On Fri, 5 May 2000, Jon Noring <noring[_at_]netcom.com> wrote:
>
> On another mailing list a very pointed question was asked, the gist
> of the question being "why is the Public Domain necessary -- what's
> wrong with perpetual copyright terms?"
As far as heirs granting permission goes, a useful reference is Teresa Ou, "From Wheaton v. Peters to Eldred v. Reno: An Originalist Interpretation of the Copyright Clause," at http://cyber.law.harvard.edu/eldredvreno/OuEldred.pdf which footnotes this statement of Augustin-Charles Renouard, in "Theory of the Rights of Authors" (8, 1839):
"...Should the author's rights be divided, to infinity, among all his heirs?. . . How shall one unite so many divers consents, when it may be necessary to treat?

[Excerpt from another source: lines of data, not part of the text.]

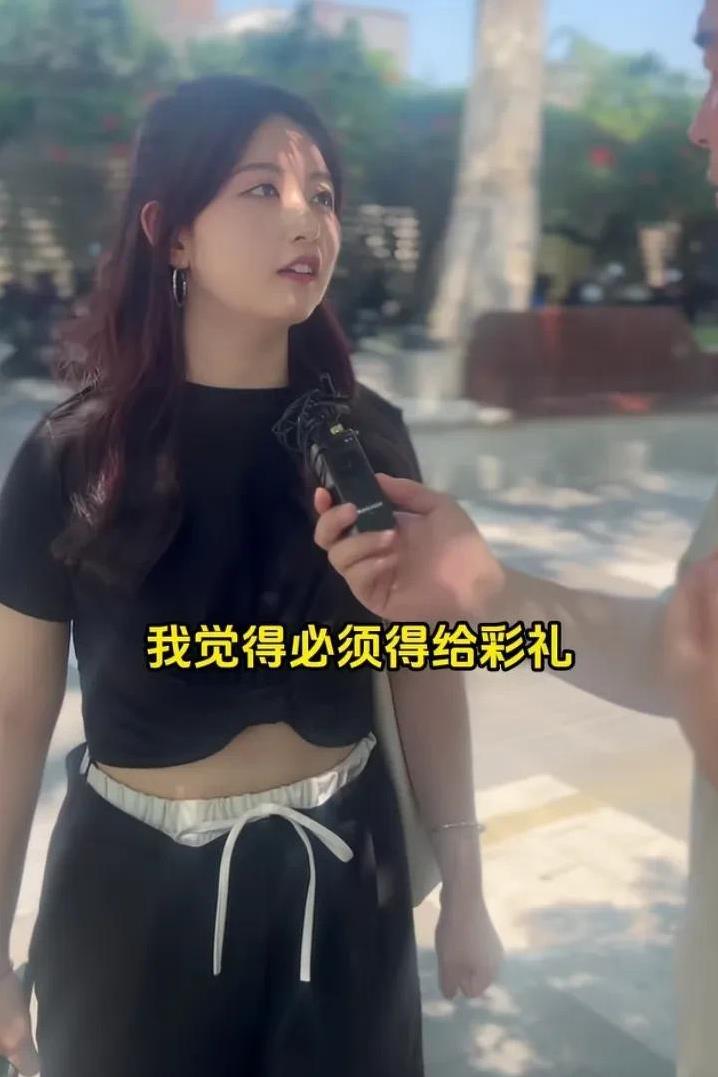 牛郎街访记者问：孩子跟你姓，但是不给你彩礼，你接不接受？
女生：我接受不了，我觉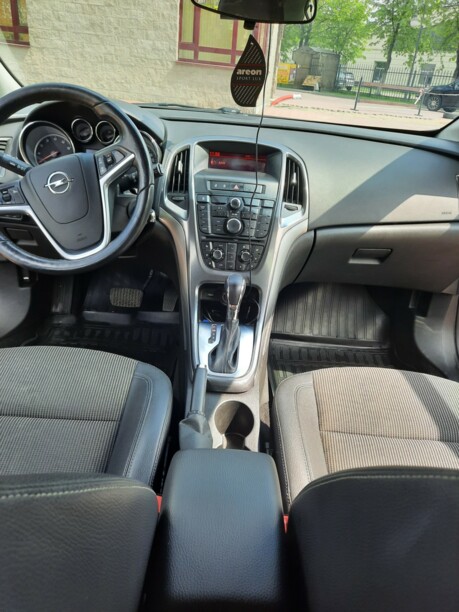 Opel Astra J, 2011 г.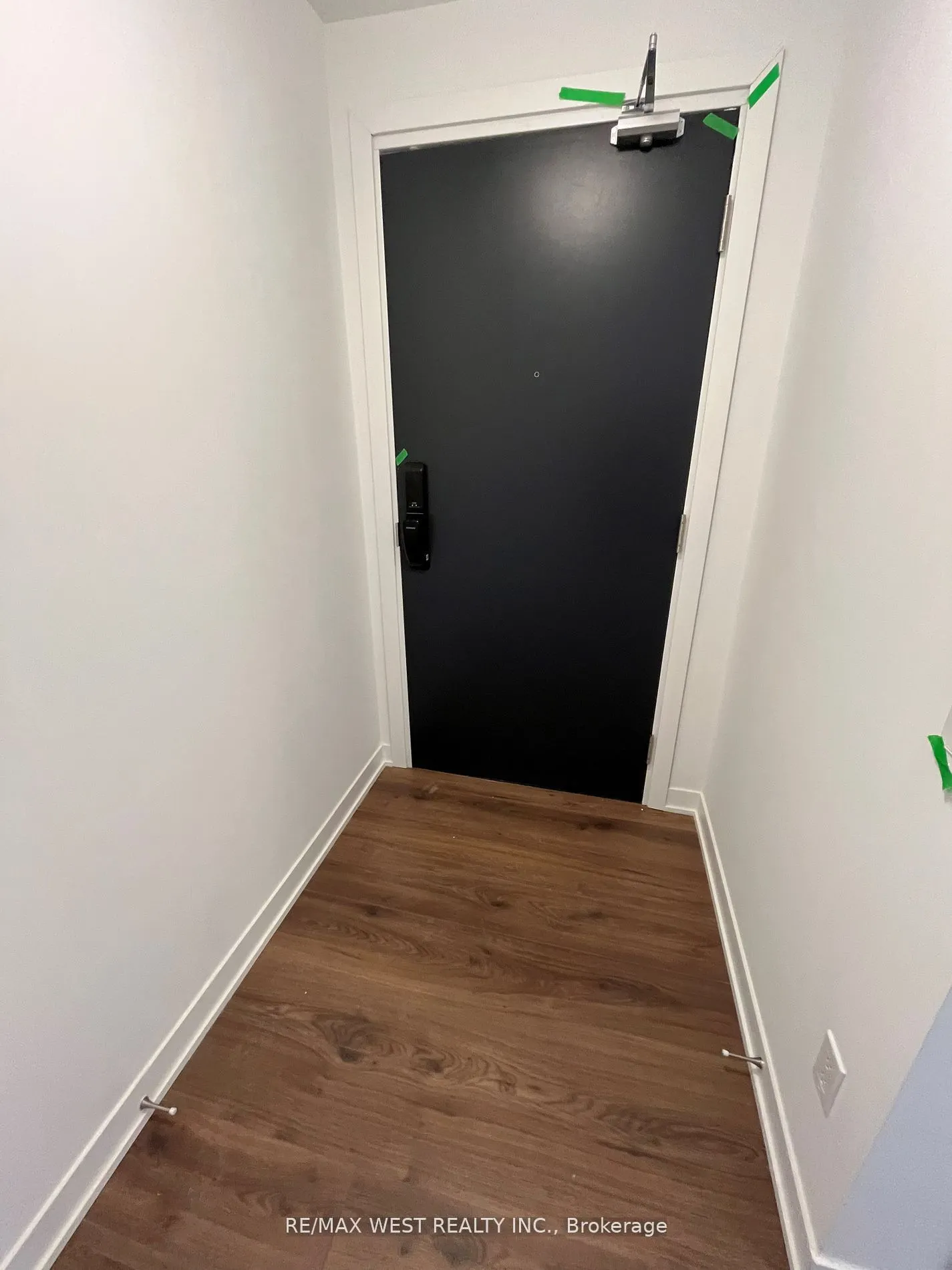 405 Dundas Street W, #709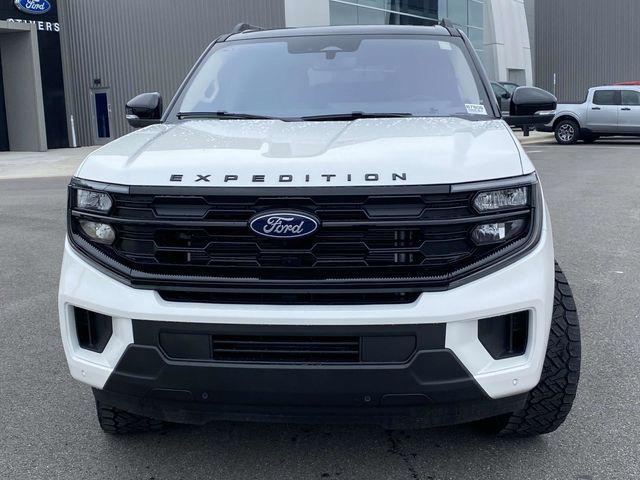 new 2025 Ford Expedition car, priced at $79,200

Who will undertake to find so many scattered individuals, to regulate their respective interests, and to bring their different wills to agree? . . . When the habitual course of human transactions shall have brought a work into the hands of speculators, and concentrated all the copies of it in their possession, . . . [n]ot only will it become lawful for the avarice of every heir to paralyze the circulation of a work; not only may his avidity retard or promote its propagation; but every powerful party every jealous government, every rival author, every speculation of competition, will have the power, by the aid of a little money, to destroy it entirely. . . . The works of genius will no longer belong to humanity; they will become mere merchandise, to be quoted on the exchange."